El centro de gravedad de estas reflexiones lo constituye la STS nº327/2025, de 9 de abril ,que confirma la condena al director comercial de la mercantil que suscribió un contrato consistente en el suministro e instalación de paneles y climatización de panadería cuando nunca tuvo intención de cumplir y no llegó a suministrar ningún servicio, haciendo suyo el importe abonado. Mantiene un antecedente en la STS nº309/2020, de 12 de junio, que diferencia entre el dolo civil y el dolo penal y condena por considerar el contrato la puerta de la estafa al albegar como única y exclusiva intención el lucro ilícito a costa del cumplimiento de la otra parte habiendo recibido el cobro por adelantado de unos trabajos que jamás se realizaron. En el lado opuesto, encontramos la STS nº583/2020, de 30 de octubre, que absuelve al acusado al haberse acreditado que el incumplimiento contractual era debido a una mala situación económica de la empresa que desembocó en una declaración de concurso declarado fortuito, constando acreditado haber pagado la mayor parte de la deuda y los claros intentos de los administradores para refinanciar el resto.
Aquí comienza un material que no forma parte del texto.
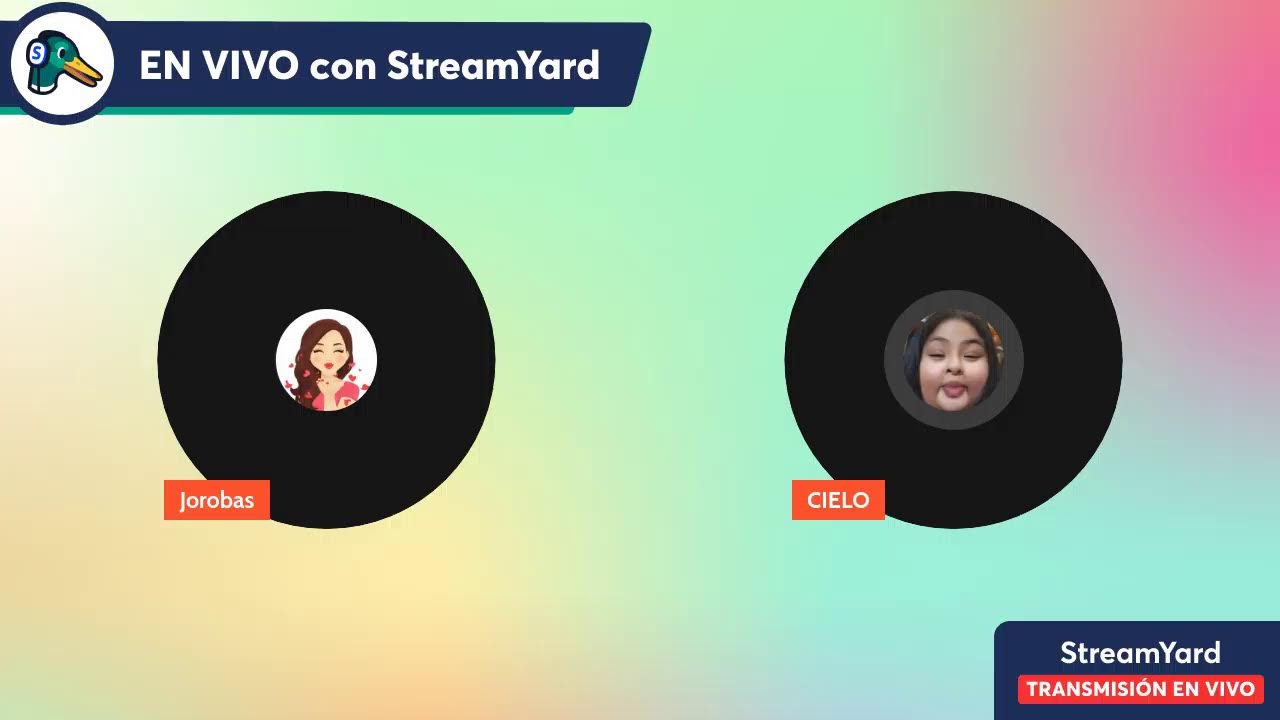 MARTES   DE CHISME Y ALGO MAS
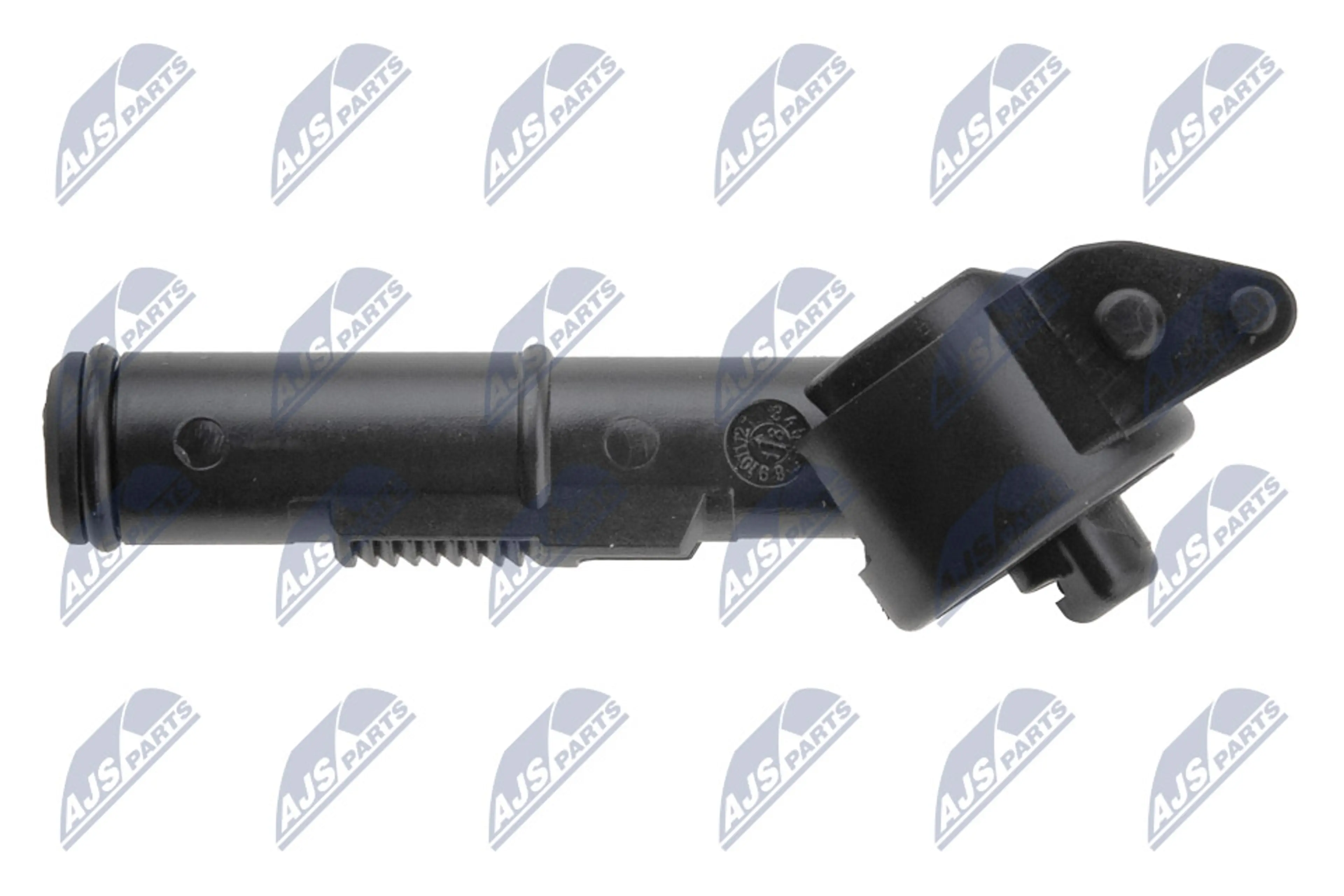 NTY TOBERA DE AGUA REGADORA LAVADO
En definitiva, deberá estarse a las circustancias del caso, debemos acudir, para la distinción entre el dolo civil y el dolo penal directo, eventual o sobrevenido que puedan dar lugar a la tipicidad del delito de estafa, a contratos criminalizado en los que el sinalagma contractual pactado, aún de forma tácita, actúa como una suerte de pantalla obligacional para el que defrauda, bien cuando hay un dolo antecedente directo, sobrevenido o eventual cuando, con ocultación de información, se traslada el riesgo sobre la víctima a la que no se le puede imponer actuar bajo un principio de desconfianza generalizada.